Outraged, because women across tech are still enduring some staggeringly backward attitudes and behaviors. And yet optimistic, because while these attitudes and behaviors are nothing new, what is new is that they’re making the front page. Now, at least, we’re outraged together. And that gives me hope that this might be the moment when things begin to change.

In the spirit of organizing outrage into a force for progress, I reached out to four leaders in tech about something that I think deserves immediate and sustained attention: Closing the gender gap in venture capital.

We like to think that venture capital is driven by the power of good ideas. But by the numbers, it’s men who have the keys. Last year, female founders received about 2 percent of venture capital funding — and the numbers are moving in the wrong direction. While the average investment in companies led by men jumped 12 percent, to $10.9 million, the average investment in companies led by women dropped 26 percent, to $4.5 million. Statistics tell us that funders award women founders just a quarter of the funding they ask for. Male founders, meanwhile, are getting half.

The gender gap in VC isn’t just a gap in who is receiving funding — it’s also a gap in who’s doing the investing. One report found that only 7 percent of partners at the top 100 venture firms are women. Fewer than two in five firms had even a single female partner.

In other words, VC remains very much an old boy’s club, one that can be difficult for women to break into. Women founders are at a disadvantage when it comes to networking, and they often have less access to the informal networks that are passing on information and resources to their male colleagues.

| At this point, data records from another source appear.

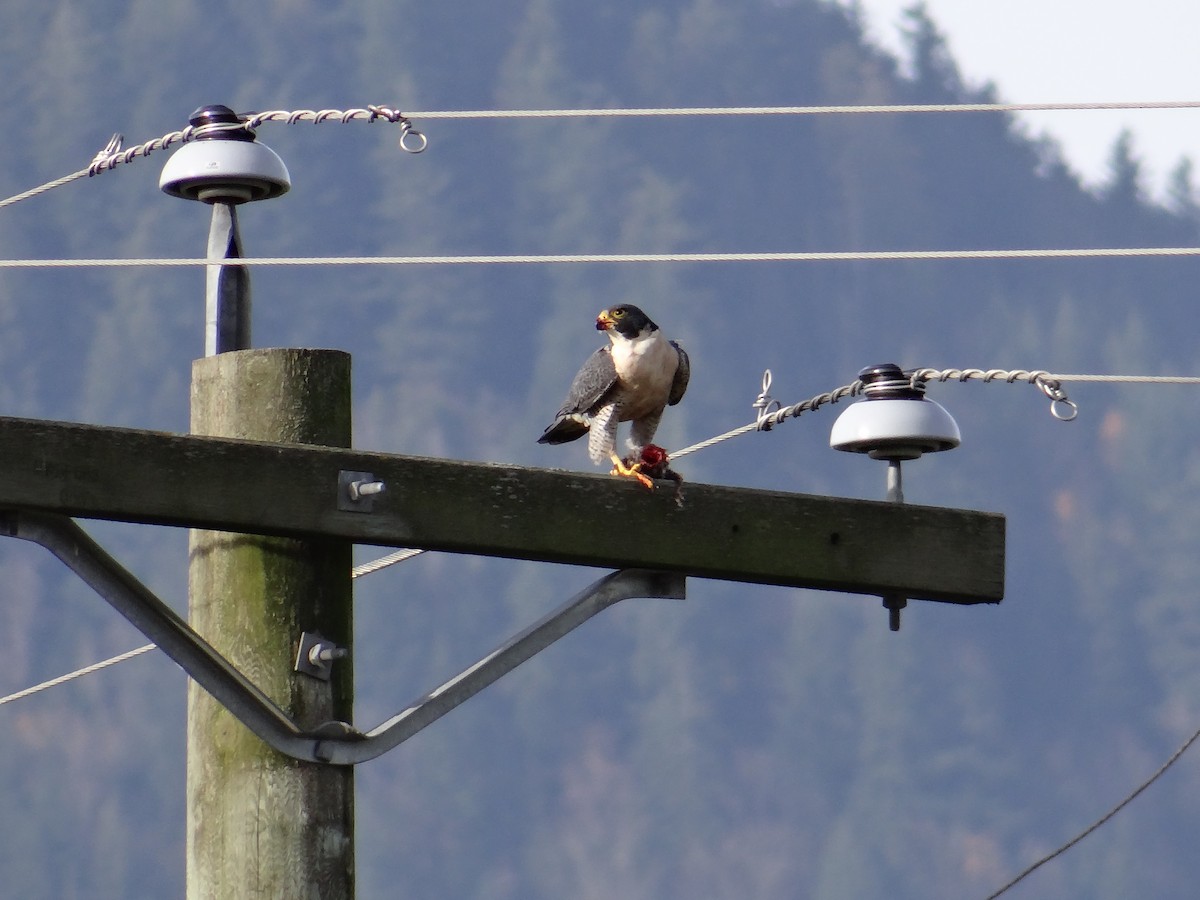 Эгэл шонхор - ML645079744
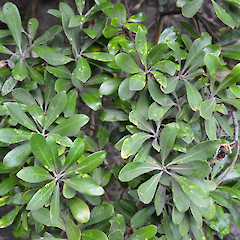 Piha, west Auckland.<br>Photographer: John Sawyer, Date taken: 01/06/2013, Licence: <a target='_blank' href='https://creativecommons.org/licenses/by-nc/4.0'>CC BY-NC</a>.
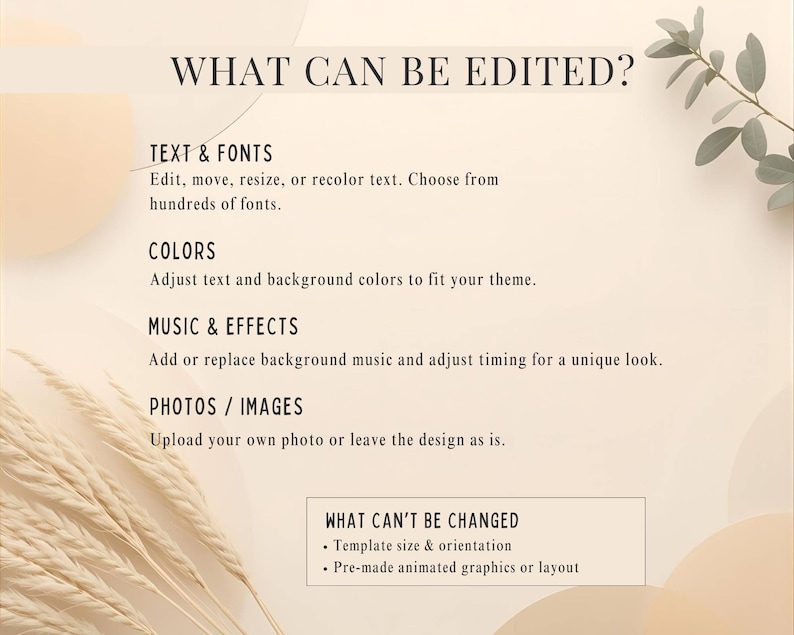 May include: A beige graphic with text detailing editable elements. Text includes "TEXT & FONTS", "COLORS", "MUSIC & EFFECTS", and "PHOTOS / IMAGES". The image also lists what cannot be changed, such as template size and orientation.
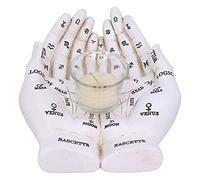 Nemesis Now Palmist's Guide Photophore Mains Chiromancy Blanc 22,3 cm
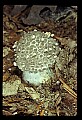 01045-00024-Mushrooms, Fungi and Lichens.jpg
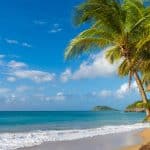 A palm tree reaches towards a blue sky above a white sand beach and blue ocean water.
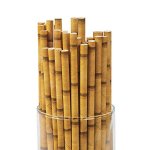 Bamboo Paper Straws (24 Pack) 7 3/4"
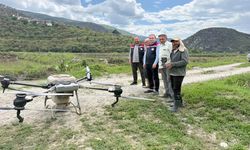 Hanönü ve Tosya'da çeltikleri bu yıl dronlar toprakla buluşturdu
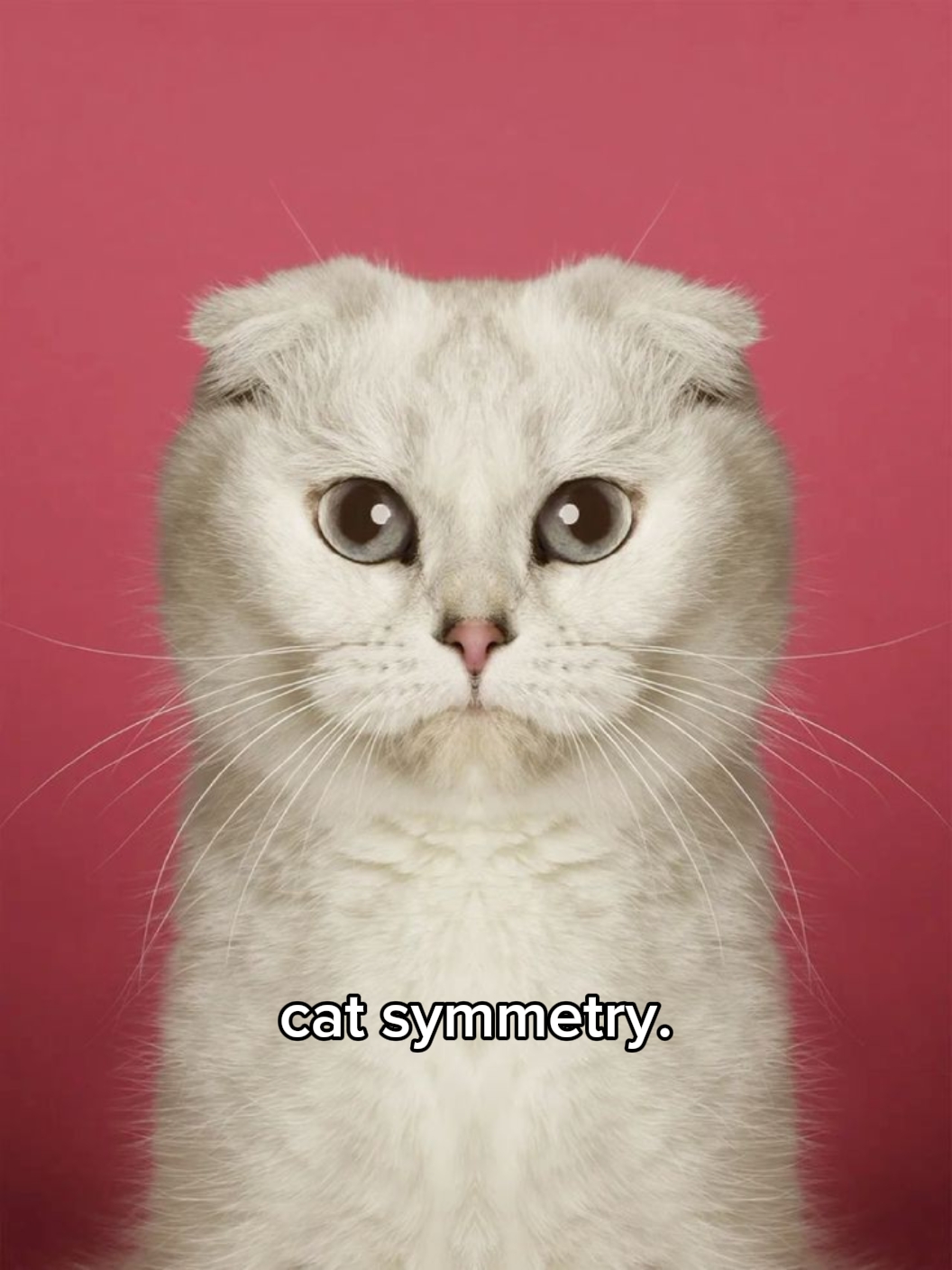 symétrie du chat 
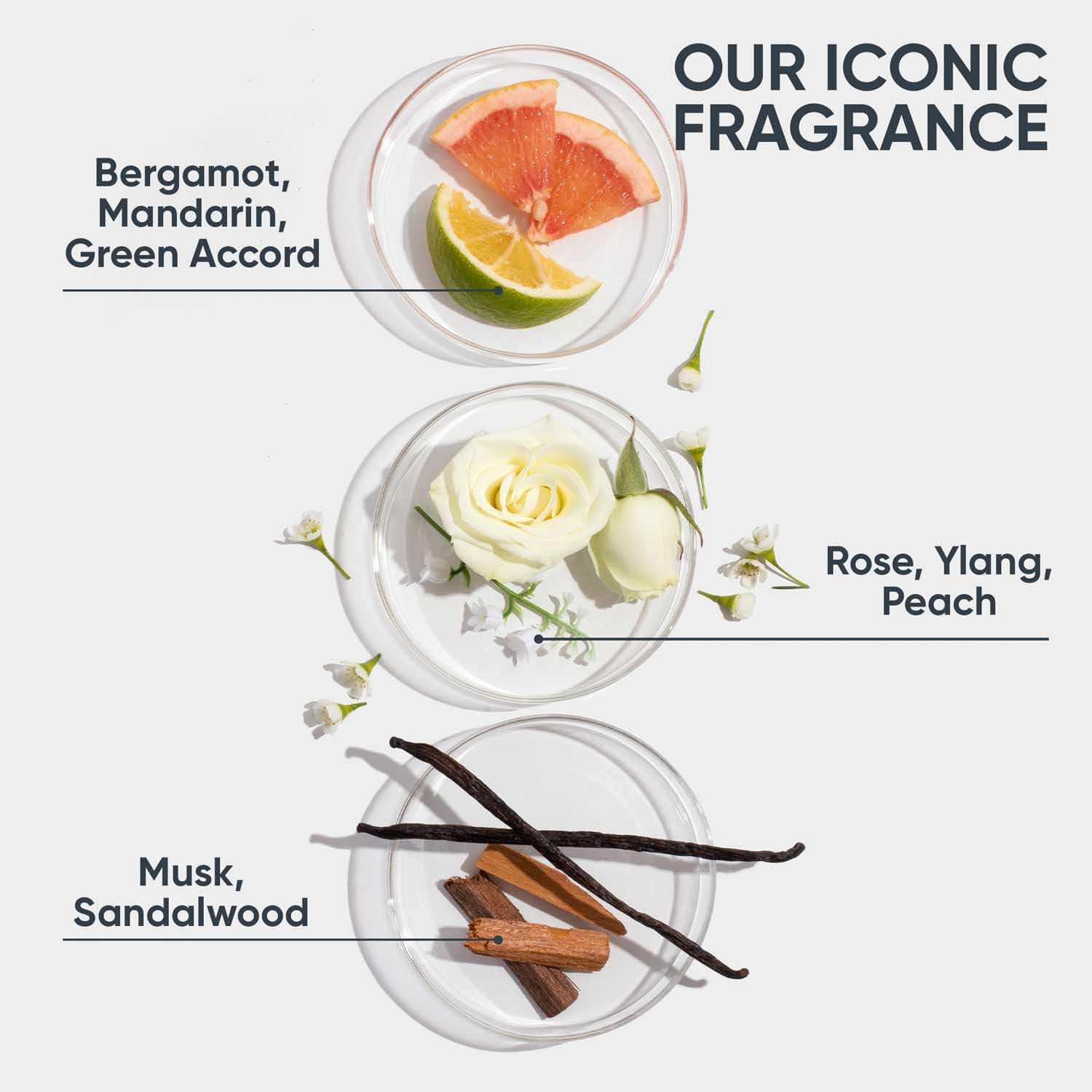 Biolage Hydrasource Conditioner for Dry Hair - Paraben Free, Intensely Hydrating Apricot Formula (98g) | Deep Moisture Treatment for Damaged & Frizzy Hair at Home or Salon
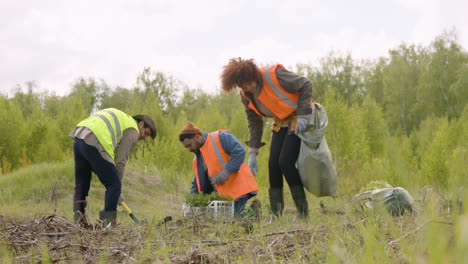 group of multiethnic ecologist activists planting trees in the forest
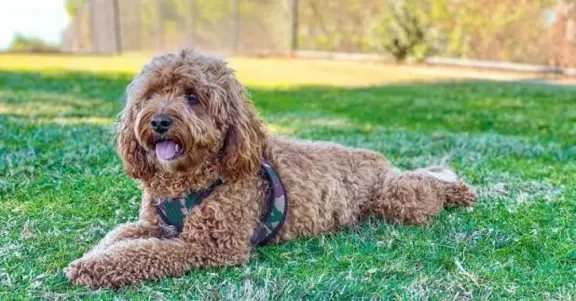 Cavapoo 1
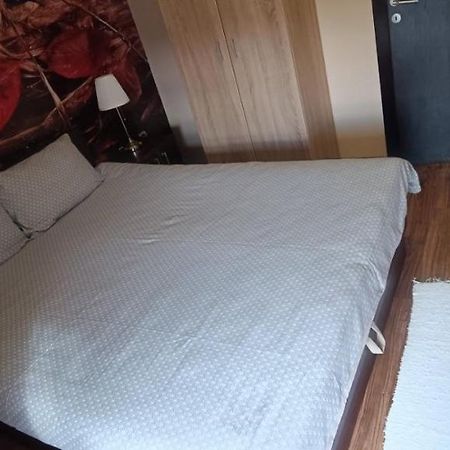 Apartment Vila Sandra Ζλάτιμπορ Εξωτερικό φωτογραφία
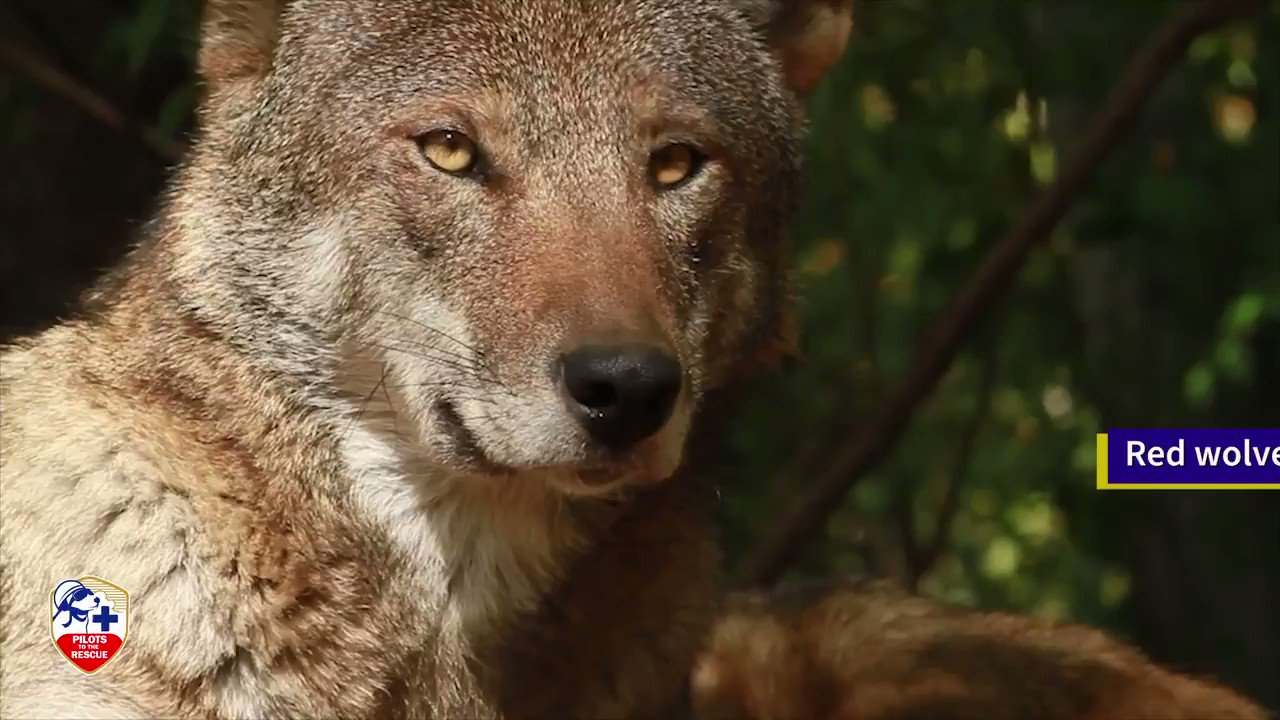 Wolf Conservation Center on Twitter: Wolf Conservation Center on Twitter:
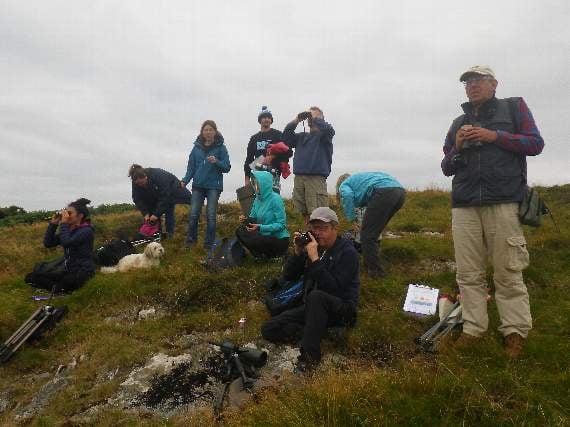 Volunteers taking part in last year’s dolphin surveys.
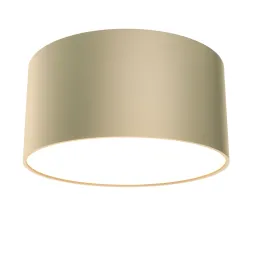 Потолочный светильник Maytoni Technical Ceiling&Wall Zon C032CL-12W3K-RD-MG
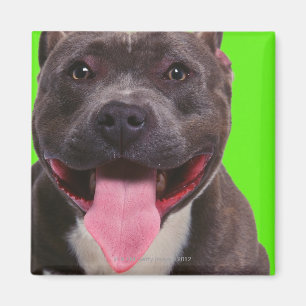 portrait of a bulldog magnet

Now, let’s be very clear: The people who are running these VC funds aren’t necessarily setting out to be exclusive or discriminatory. But even so, there is a lot of evidence that unconscious biases are impacting the way female founders are received. Consider, for example, the finding that investors tend to describe young male entrepreneurs as “promising,” and young female entrepreneurs as “inexperienced.” Or that the managing partner of one of Silicon Valley’s leading VC firms admitted that one of the things he looks for when deciding whether to invest is an entrepreneur who fits the Gates, Bezos, Andreessen or Google model — which is to say, “white male nerds who’ve dropped out of Harvard or Stanford.”

Well, with all due respect to nerdy white guys (including the one I married), I think that archetype has a lot more to do with historical inequalities than it does with innate ability.

So where do we go from here? The change we need will require bold leadership from the industry’s power brokers. Venture partners and limited partners, I’m looking at you.

We also need to encourage better measurement and data on diversity in the venture and startup ecosystem. Project Include has designed some helpful frameworks and recommendations — and funds like Reach Capital and First Round Capital are ably demonstrating what these efforts look like in action. Limited partners can help by stepping up to pilot approaches to track diversity across their own portfolios.

Most importantly, we need more funding for women-led VC funds and early-stage companies. I’m putting my money where my mouth is on this one. Earlier this year, I began looking to make returns-focused investments in women-led VC funds. Not because it’s a nice thing to do, but because there are smart investments to be made and big returns to be had. I hope that other investors will follow suit.

I asked Kathryn Minshew, Theresia Gouw, Jennifer Fonstad and Reid Hoffman about other steps that companies, VCs and decision makers can take to be a part of the solution. Here’s what they suggest.

Kathryn Minshew, founder and CEO, The Muse

Kathryn Minshew
The Muse

I’m glad we’re talking about this issue, but we can’t just focus on the headline-grabbing stories. A true commitment to equal opportunity in tech involves addressing the more subtle forms of discrimination: The cumulative impact of the minimizing, patronizing or ignoring that many women and other minorities experience daily. As I wrote to an investor recently, if I could choose between erasing my three worst investor sexual harassment interactions or reducing by 50 percent the number of people who assumed I am worthless to speak to because I'm female, I'd take the latter in a heartbeat. Not that anyone should have to choose.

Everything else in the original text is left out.